Pulmonary Arterial Hypertension Clinical Trial
Official title:
Safety and Efficacy of Fluoxetine in Pulmonary Arterial Hypertension
This study will evaluate the safety, tolerability and efficacy of open-label fluoxetine for three months among patients with pulmonary arterial hypertension.
Idiopathic pulmonary arterial hypertension (PAH) is a life-threatening disorder of uncertain
cause that leads to progressive right heart failure and death. Average survival has improved
from about 2.8 years in the early 1990s to approximately 5-7 years with current treatments,
but most patients will still die of their disease.

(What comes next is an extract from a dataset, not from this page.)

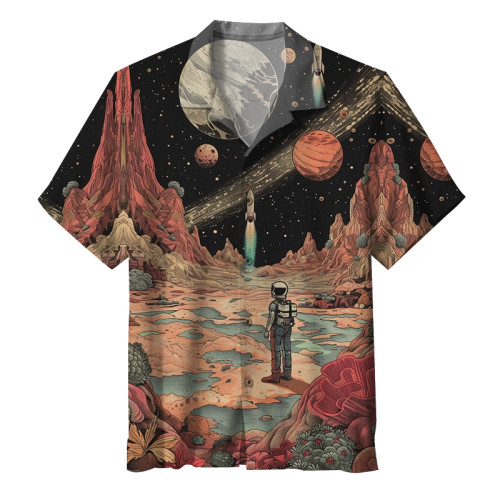 space science fiction| Hawaiian Shirt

Two classes of oral medications are
approved for use in PAH: endothelin-1 antagonists, and phosphodiesterase-5 inhibitors. Both
improve walk distance and symptoms in PAH, but most patients still have continued dyspnea,
fatigue and significant elevations in pulmonary pressures. Those who remain severely impaired
are generally started on a continuous intravenous prostacyclin. For those who are less ill
but still symptomatic, few options are available.
Primary endpoint: the primary endpoint will be change in pulmonary vascular resistance (PVR)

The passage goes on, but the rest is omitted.